Before we move on, it is worth taking a moment to see that not all externalities are negative. It is possible for the benefit to society to be even higher than the benefit that an individual will receive when a transaction takes place. In this instance we will see a positive externality – a situation in which a good or service is actually being under-produced by the free market. In this case the government should intervene to try and increase the production of that good or service.
For example, consider what happens when one person is inoculated against influenza (the ‘flu). When that happens, the person who has received the injection is now far less likely to experience ‘flu like symptoms. In other words, they are less likely to get sick. This is a benefit to them, and so it makes sense that they would be happy to pay to participate in this transaction.
However, there are also side effects. Imagine for a moment that you came into contact with a person who could have been inoculated, but chose not to be. This person might have the ‘flu, and they might then pass it on to you. Clearly this is not desirable. In receiving the injection this person might avoid getting sick, and as a result you wouldn’t get sick either. This would happen even though you were not a party to the original transaction, and as such you will benefit from a positive externality.

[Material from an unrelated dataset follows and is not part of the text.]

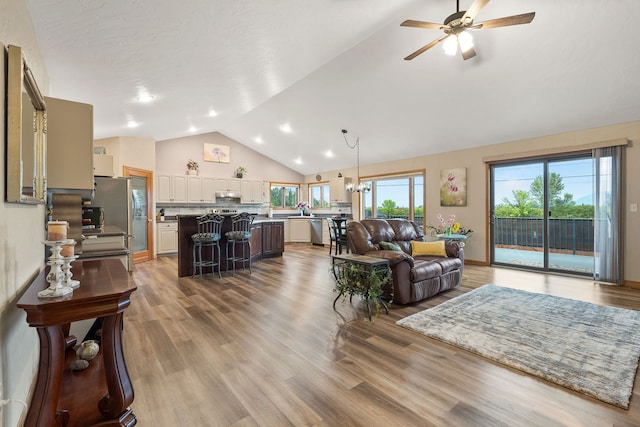 living room with vaulted ceiling, hardwood / wood-style floors, ceiling fan, and a wealth of natural light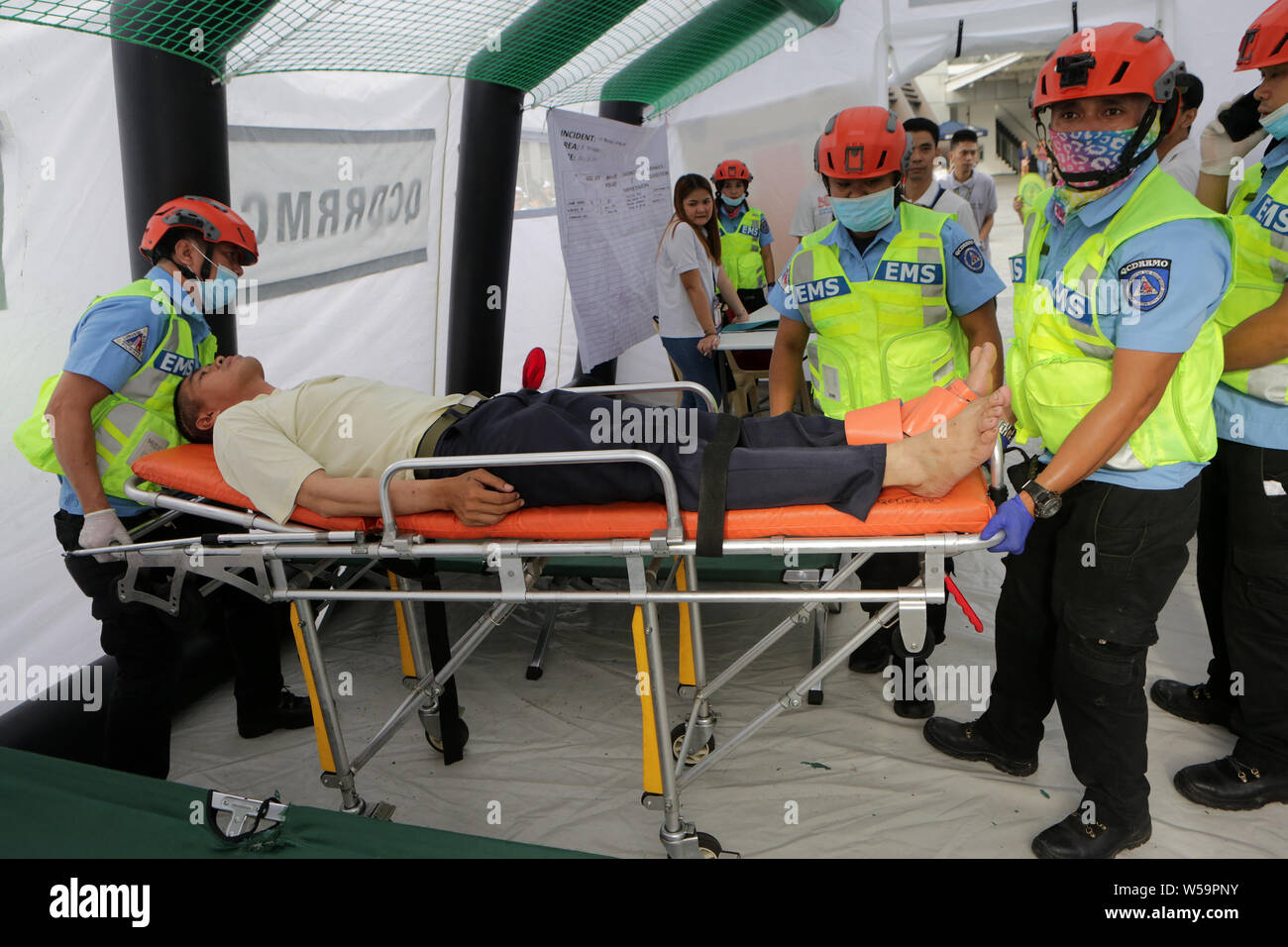 Philippine Rescuer Model Quezon City, Philippines. 27th July, 2019. Rescuers attend to a mock ...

This process will then flow through to other people. Those who might otherwise have caught the ‘flu from you now won’t, and so on. Each of these people benefited from the decision made by the original person.
As a result, the government will act to try and encourage the production and consumption of goods and services with positive externalities. Injections are generally heavily subsidised, and as a result more people can access them.
Positive externalities are not limited to medical practises. For example, when an employee receives training, it is possible for this to result in a positive externality. If they train others in the office in the same way, then those people have also benefited. If the employee moves on to a new position in a different company, they will take all of their skills with them. The new business can benefit from these skills even though they didn’t pay for the original training. The business has gained a positive externality.